Милый Шура. Господи – мне нехорошо. Я ставлю крест над философией.
…Шура, Шура; ты мне не поможешь: надо заразиться сейчас моим состоянием.<…> Захочешь ли ты это? Но пиши, пиши мне. А когда мы свидимся, я вложу уже тебе в уста все то, что мне нужно услышать от тебя. И тебе не будет трудно.

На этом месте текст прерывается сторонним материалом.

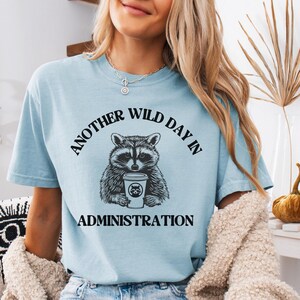 以下が含まれることがあります： 「ANOTHER WILD DAY IN ADMINISTRATION」の文字が、コーヒーカップを持ったアライグマのグラフィックの上と下に配置された、水色のTシャツ。アライグマは白黒で、テキストは黒色です。このシャツは柔らかい素材で作られています。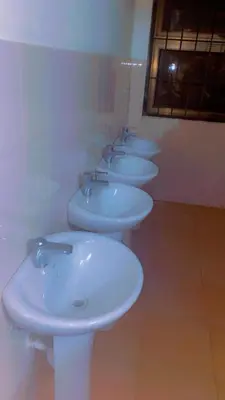 a row of white sinks in a bathroom at Kyanga Hostel in Arusha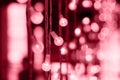 Color of the Year 2023 Viva Magenta color. Abstract blurred of pink glittering shine bulbs lights background. Christmas wallpaper Royalty Free Stock Photo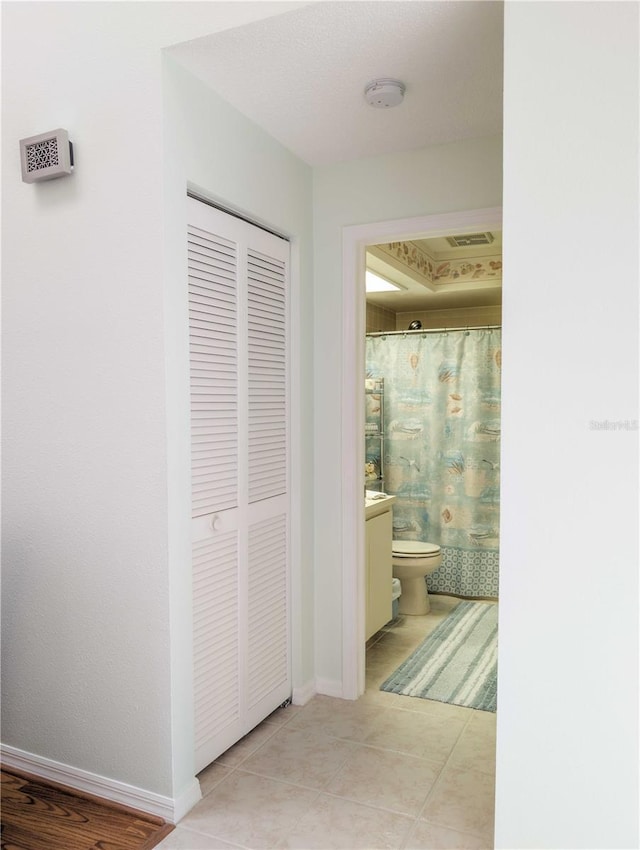 39650 US Highway 19 N, Tarpon Springs, FL 34689 - hall with light tile patterned flooring and baseboards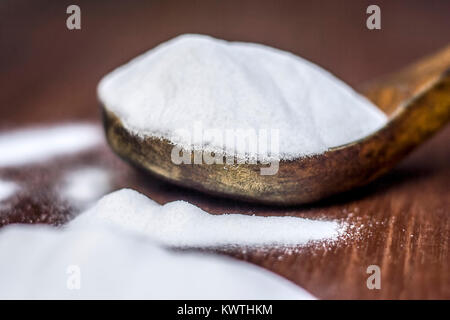 Natron oder Natriumhydrogencarbonat in eine hölzerne Schaufel auf den braunen Holz- Oberfläche. Stockfoto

Подробно свои чувства и события того времени Пастернак описал в «Охранной грамоте» и «Марбурге». Но первым о принятом решении узнал Шура: «.я бросаю все; – искусство, и больше ничего» (11 июля 1912, Марбург). А вернувшись в Россию, Борис привез другу сувенир – бронзовый дверной молоток в виде чертика. Александр Львович хранил его всю жизнь на письменном столе, а после дедушкиной смерти мама повесила чертика над своим диваном, только попросила меня – двенадцатилетнего – отпилить неэстетичную верхнюю петлю для крепления (если молоток не использовать по прямому назначению, она вроде бы не нужна). Думаю, сейчас я уговорил бы ее оставить исторического чертика в первозданном виде. Но тогда, в 1962-м, отпилил и содеянным гордился.

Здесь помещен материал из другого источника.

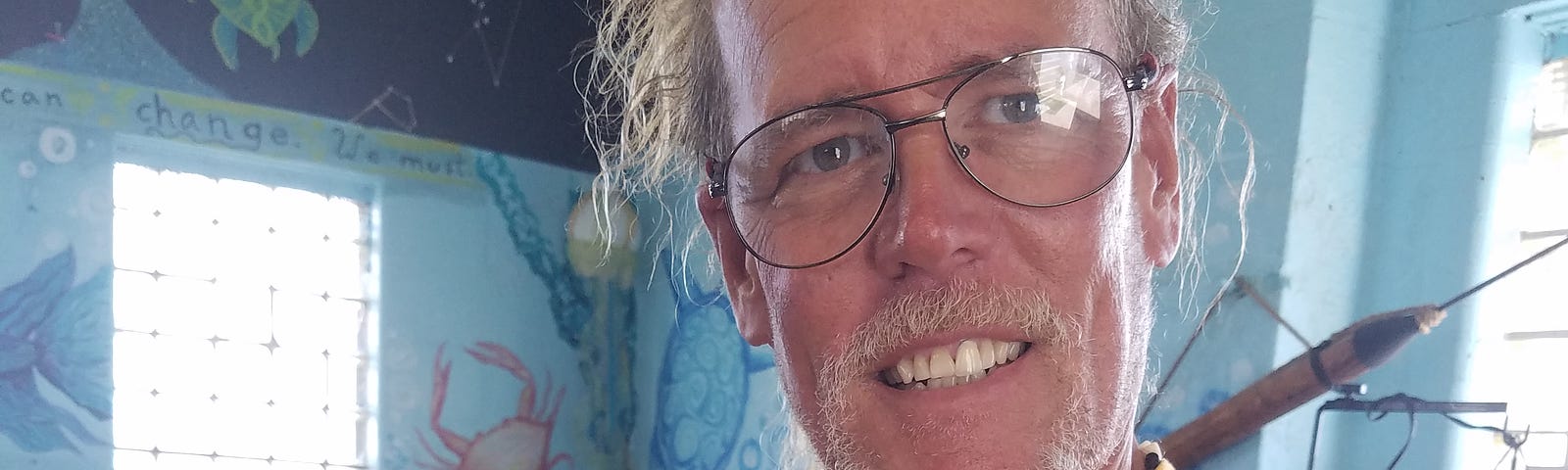 A smiling man in glasses, blond hair tied back and wearing a yellow T-shirt holds a Ball python snake, nestled in his cupped hands. In the background, an aquarium can be seen.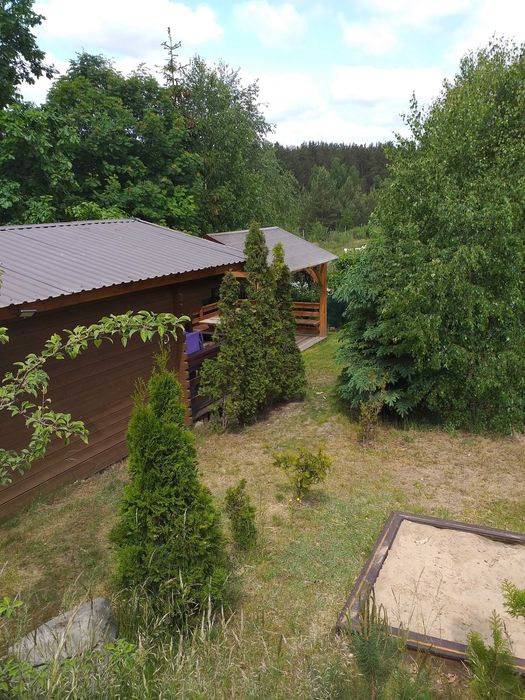 drewniany domek letniskowy nad jeziorem Wdzydze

Мама вообще не испытывала благоговейного трепета перед старыми вещами, когда они ветшали, эстетика значила для нее больше, чем факт раритета. Маленьким, задолго до прочтения романа Дюма, я был очарован французскими мушкетерами. Все в них выглядело для меня прекрасным: плащи, шляпы с перьями, сапоги с отворотами – все. И конечно же, шпага. Изящная, легкая, ею дрались так красиво, убивали так изысканно. В общем – мечта. Причем счастьем казалось просто постоять в Историческом музее перед витриной со шпагами. Подержать ее когда-нибудь в руках я и не надеялся. И как-то раз дедушка – мой дедушка Александр Львович, такой маленький, негероический и даже неспортивный, поняв мое отношение к этому предмету, засмеялся, полез в сундук и вынул оттуда… – я не верил своим глазам. Шпага. Клинок, правда, поржавел, но эфес! – бронзовый, с человеческой головкой вместо шишачка и с дырочкой для темляка. Ножны – кожаные, мягкие, местами рваные. Шпага оказалась дедушкиной. В армии он никогда не служил, но до революции она являлась частью студенческого парадного мундира. В общем, предмет скорее бутафорский, клинок из слабой стали легко гнулся, но все равно – хоть и студенческая, однако настоящая. Я был счастлив. Я ее трогал, таскал за собой, чуть ли не спать с ней ночью улегся.
Потом очень скоро меня увезли на дачу, куда взять шпагу, конечно, не разрешили. В мое отсутствие на Банковском случился капитальный ремонт. Как при всяком ремонте, выбросили много всякого старого хлама, в том числе и шпагу, попавшуюся маме под горячую руку в момент обновления жилья. Может, шпага и была некрасивая, я ее плохо запомнил – мне даже не довелось как следует с ней поиграть. Справедливости ради нужно сказать, что ошибку свою мама потом осознала, более того – даже пыталась исправить много лет спустя (я уже учился в институте), подарив мне шпагу, переделанную знакомыми художниками из спортивной рапиры. Честно говоря, мне до сих пор ее жалко, дедушкину студенческую шпагу.
А марбургский чертенок с отпиленным для эстетики крепежным ушком переехал с нами в Черемушки и занял почетное место на книжной полке.